■ DATA
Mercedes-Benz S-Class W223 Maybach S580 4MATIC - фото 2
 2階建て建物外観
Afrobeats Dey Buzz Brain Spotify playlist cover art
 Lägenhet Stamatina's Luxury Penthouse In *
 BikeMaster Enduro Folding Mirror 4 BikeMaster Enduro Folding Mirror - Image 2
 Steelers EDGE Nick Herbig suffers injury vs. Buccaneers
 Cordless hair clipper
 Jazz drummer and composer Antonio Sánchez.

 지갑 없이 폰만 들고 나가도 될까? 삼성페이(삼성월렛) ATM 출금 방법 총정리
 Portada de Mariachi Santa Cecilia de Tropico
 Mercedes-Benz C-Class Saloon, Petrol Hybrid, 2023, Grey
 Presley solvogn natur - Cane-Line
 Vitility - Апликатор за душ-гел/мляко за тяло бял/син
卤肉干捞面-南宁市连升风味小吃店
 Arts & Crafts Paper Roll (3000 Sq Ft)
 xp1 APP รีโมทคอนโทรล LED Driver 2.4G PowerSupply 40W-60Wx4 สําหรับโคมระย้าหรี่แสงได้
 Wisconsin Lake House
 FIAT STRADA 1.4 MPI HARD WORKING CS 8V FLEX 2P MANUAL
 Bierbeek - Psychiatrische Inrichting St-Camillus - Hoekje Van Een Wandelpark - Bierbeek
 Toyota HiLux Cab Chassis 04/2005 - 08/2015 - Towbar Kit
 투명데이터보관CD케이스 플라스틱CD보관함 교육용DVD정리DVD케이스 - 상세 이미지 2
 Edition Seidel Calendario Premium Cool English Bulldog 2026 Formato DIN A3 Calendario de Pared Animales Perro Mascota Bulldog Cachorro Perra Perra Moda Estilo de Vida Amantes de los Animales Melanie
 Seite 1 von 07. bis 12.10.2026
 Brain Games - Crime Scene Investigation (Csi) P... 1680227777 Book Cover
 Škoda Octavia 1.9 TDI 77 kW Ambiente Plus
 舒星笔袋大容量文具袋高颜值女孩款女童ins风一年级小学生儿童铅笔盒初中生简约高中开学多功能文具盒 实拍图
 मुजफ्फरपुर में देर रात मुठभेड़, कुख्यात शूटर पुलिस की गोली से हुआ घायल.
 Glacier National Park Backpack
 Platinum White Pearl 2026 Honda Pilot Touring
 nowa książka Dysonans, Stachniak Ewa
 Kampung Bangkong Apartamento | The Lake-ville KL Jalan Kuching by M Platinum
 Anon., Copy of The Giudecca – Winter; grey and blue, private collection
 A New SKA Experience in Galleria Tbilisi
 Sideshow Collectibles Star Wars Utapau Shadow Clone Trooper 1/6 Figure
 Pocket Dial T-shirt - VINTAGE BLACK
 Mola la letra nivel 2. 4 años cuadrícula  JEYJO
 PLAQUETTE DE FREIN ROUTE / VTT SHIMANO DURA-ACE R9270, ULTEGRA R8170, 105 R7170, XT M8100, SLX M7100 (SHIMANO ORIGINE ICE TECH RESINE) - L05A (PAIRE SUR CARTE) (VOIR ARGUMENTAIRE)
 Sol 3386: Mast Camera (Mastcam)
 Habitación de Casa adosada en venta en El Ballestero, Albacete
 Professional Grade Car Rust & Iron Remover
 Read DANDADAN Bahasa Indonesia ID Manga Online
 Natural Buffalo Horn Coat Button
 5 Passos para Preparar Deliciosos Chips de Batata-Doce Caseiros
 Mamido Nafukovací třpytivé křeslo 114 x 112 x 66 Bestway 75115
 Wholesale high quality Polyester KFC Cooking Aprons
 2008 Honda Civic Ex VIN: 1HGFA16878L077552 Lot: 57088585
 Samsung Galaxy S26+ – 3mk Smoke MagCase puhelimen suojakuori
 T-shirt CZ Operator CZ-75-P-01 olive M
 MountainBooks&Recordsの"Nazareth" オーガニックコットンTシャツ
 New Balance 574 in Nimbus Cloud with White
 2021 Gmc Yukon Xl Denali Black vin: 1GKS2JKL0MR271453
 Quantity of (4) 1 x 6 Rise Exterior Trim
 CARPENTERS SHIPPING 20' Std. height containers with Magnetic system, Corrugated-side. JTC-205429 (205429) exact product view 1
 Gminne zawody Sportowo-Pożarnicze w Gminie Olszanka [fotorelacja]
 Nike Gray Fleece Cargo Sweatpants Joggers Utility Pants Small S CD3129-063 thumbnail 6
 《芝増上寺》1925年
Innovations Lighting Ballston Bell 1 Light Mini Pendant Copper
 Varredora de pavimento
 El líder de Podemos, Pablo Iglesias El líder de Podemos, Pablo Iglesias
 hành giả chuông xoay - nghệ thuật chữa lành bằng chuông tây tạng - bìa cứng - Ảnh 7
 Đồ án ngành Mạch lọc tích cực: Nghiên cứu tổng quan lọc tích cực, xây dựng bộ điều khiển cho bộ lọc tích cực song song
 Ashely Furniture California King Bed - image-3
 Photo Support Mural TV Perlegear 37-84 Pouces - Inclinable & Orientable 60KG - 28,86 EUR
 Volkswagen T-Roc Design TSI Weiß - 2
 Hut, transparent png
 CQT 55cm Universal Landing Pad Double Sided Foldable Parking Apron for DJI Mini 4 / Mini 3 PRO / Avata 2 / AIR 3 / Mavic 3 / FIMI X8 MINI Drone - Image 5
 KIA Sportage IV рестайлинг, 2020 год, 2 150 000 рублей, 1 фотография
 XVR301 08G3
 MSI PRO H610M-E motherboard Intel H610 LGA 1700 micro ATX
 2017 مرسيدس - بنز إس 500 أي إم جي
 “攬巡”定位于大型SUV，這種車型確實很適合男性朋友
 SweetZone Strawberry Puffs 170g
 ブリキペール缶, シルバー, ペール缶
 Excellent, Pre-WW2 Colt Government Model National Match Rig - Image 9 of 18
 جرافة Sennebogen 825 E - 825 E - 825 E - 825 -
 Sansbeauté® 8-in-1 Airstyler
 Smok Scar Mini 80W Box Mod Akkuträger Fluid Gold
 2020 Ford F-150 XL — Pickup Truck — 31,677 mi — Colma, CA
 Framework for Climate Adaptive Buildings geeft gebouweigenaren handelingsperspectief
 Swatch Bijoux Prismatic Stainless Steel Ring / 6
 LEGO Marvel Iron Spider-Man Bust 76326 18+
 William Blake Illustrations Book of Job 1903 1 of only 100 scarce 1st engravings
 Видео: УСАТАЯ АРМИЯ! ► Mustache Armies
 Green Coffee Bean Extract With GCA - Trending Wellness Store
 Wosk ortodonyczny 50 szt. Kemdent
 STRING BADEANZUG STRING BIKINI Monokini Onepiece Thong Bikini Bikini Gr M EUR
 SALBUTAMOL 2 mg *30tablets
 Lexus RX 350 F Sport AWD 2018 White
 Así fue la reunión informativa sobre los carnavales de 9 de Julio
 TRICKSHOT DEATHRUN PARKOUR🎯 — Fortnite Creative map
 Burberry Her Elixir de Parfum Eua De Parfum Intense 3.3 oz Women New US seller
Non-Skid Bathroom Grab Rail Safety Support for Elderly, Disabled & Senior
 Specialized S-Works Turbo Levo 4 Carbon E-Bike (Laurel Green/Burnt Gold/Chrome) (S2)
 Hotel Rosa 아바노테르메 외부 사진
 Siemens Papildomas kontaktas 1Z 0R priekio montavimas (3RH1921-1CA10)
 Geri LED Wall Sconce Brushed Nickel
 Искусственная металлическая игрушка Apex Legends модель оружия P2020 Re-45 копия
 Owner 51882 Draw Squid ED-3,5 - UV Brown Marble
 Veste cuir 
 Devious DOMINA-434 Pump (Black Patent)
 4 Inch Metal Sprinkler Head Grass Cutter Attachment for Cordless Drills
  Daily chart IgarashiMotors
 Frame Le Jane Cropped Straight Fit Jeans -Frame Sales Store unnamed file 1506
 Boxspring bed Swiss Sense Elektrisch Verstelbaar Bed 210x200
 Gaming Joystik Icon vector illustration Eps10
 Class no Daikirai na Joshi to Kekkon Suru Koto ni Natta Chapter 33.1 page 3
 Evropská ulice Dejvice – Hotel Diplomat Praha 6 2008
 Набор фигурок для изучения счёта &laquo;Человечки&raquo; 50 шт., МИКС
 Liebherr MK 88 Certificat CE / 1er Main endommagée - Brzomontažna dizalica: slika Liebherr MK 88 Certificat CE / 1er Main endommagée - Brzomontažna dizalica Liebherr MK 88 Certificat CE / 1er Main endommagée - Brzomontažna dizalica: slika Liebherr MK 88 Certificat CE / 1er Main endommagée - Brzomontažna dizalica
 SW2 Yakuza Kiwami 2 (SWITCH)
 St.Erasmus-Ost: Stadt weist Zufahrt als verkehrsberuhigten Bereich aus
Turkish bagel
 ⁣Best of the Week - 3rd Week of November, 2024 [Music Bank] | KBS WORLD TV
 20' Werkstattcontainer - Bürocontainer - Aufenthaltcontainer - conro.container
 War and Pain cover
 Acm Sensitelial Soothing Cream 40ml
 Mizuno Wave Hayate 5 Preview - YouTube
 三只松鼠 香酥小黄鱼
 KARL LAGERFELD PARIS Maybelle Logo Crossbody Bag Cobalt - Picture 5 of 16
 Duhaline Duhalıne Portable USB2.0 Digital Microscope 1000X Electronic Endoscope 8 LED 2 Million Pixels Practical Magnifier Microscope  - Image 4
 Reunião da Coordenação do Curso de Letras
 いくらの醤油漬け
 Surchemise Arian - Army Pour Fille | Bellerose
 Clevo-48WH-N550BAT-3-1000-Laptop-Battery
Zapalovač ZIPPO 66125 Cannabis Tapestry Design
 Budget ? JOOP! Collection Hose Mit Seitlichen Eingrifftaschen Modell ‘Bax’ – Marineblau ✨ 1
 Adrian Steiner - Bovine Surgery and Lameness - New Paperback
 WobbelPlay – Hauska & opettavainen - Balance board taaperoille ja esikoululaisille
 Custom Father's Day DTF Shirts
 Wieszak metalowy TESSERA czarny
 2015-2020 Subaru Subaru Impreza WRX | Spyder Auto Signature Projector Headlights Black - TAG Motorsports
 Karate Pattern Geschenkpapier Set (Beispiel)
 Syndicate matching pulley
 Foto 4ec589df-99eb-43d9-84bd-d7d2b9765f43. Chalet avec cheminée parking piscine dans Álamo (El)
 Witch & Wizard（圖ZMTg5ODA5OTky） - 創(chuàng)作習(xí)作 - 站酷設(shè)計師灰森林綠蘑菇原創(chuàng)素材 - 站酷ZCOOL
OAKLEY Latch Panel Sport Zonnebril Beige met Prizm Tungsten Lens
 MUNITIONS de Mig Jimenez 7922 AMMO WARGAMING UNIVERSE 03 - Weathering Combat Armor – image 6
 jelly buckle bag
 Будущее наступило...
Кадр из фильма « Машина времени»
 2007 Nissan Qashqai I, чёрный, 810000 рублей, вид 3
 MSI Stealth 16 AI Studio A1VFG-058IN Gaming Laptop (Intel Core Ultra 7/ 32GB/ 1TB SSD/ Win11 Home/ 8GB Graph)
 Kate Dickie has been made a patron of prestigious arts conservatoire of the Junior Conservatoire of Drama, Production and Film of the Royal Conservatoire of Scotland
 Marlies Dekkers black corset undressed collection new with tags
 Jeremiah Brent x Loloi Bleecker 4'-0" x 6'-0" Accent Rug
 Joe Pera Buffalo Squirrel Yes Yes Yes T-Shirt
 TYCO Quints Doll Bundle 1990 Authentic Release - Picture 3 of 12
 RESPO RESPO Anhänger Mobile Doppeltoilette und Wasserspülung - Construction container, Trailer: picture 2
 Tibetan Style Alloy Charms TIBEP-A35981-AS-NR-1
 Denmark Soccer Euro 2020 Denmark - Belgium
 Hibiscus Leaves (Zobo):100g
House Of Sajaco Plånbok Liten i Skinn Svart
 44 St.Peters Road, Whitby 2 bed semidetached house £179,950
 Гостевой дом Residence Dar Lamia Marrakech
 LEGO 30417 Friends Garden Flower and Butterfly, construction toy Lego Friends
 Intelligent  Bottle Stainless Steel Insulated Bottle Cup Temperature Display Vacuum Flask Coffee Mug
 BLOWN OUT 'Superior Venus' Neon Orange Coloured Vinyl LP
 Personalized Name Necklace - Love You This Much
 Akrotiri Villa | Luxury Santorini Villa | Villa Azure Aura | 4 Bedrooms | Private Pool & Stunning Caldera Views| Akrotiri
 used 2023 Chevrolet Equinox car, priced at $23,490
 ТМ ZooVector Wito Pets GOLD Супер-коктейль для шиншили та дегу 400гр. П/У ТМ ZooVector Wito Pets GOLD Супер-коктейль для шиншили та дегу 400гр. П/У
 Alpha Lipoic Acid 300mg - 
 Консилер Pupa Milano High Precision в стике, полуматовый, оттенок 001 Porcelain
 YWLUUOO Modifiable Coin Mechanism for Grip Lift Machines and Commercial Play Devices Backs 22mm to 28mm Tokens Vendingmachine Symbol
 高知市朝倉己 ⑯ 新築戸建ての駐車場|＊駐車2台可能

■ TASK DESCRIPTION
Everything above from the line containing "Varredora de pavimento" through the line containing "Specialized S-Works Turbo" must be copied exactly. Nothing outside that range belongs in the answer.

■ OUTPUT FOR THIS EXERCISE
 Varredora de pavimento
 El líder de Podemos, Pablo Iglesias El líder de Podemos, Pablo Iglesias
 hành giả chuông xoay - nghệ thuật chữa lành bằng chuông tây tạng - bìa cứng - Ảnh 7
 Đồ án ngành Mạch lọc tích cực: Nghiên cứu tổng quan lọc tích cực, xây dựng bộ điều khiển cho bộ lọc tích cực song song
 Ashely Furniture California King Bed - image-3
 Photo Support Mural TV Perlegear 37-84 Pouces - Inclinable & Orientable 60KG - 28,86 EUR
 Volkswagen T-Roc Design TSI Weiß - 2
 Hut, transparent png
 CQT 55cm Universal Landing Pad Double Sided Foldable Parking Apron for DJI Mini 4 / Mini 3 PRO / Avata 2 / AIR 3 / Mavic 3 / FIMI X8 MINI Drone - Image 5
 KIA Sportage IV рестайлинг, 2020 год, 2 150 000 рублей, 1 фотография
 XVR301 08G3
 MSI PRO H610M-E motherboard Intel H610 LGA 1700 micro ATX
 2017 مرسيدس - بنز إس 500 أي إم جي
 “攬巡”定位于大型SUV，這種車型確實很適合男性朋友
 SweetZone Strawberry Puffs 170g
 ブリキペール缶, シルバー, ペール缶
 Excellent, Pre-WW2 Colt Government Model National Match Rig - Image 9 of 18
 جرافة Sennebogen 825 E - 825 E - 825 E - 825 -
 Sansbeauté® 8-in-1 Airstyler
 Smok Scar Mini 80W Box Mod Akkuträger Fluid Gold
 2020 Ford F-150 XL — Pickup Truck — 31,677 mi — Colma, CA
 Framework for Climate Adaptive Buildings geeft gebouweigenaren handelingsperspectief
 Swatch Bijoux Prismatic Stainless Steel Ring / 6
 LEGO Marvel Iron Spider-Man Bust 76326 18+
 William Blake Illustrations Book of Job 1903 1 of only 100 scarce 1st engravings
 Видео: УСАТАЯ АРМИЯ! ► Mustache Armies
 Green Coffee Bean Extract With GCA - Trending Wellness Store
 Wosk ortodonyczny 50 szt. Kemdent
 STRING BADEANZUG STRING BIKINI Monokini Onepiece Thong Bikini Bikini Gr M EUR
 SALBUTAMOL 2 mg *30tablets
 Lexus RX 350 F Sport AWD 2018 White
 Así fue la reunión informativa sobre los carnavales de 9 de Julio
 TRICKSHOT DEATHRUN PARKOUR🎯 — Fortnite Creative map
 Burberry Her Elixir de Parfum Eua De Parfum Intense 3.3 oz Women New US seller
Non-Skid Bathroom Grab Rail Safety Support for Elderly, Disabled & Senior
 Specialized S-Works Turbo Levo 4 Carbon E-Bike (Laurel Green/Burnt Gold/Chrome) (S2)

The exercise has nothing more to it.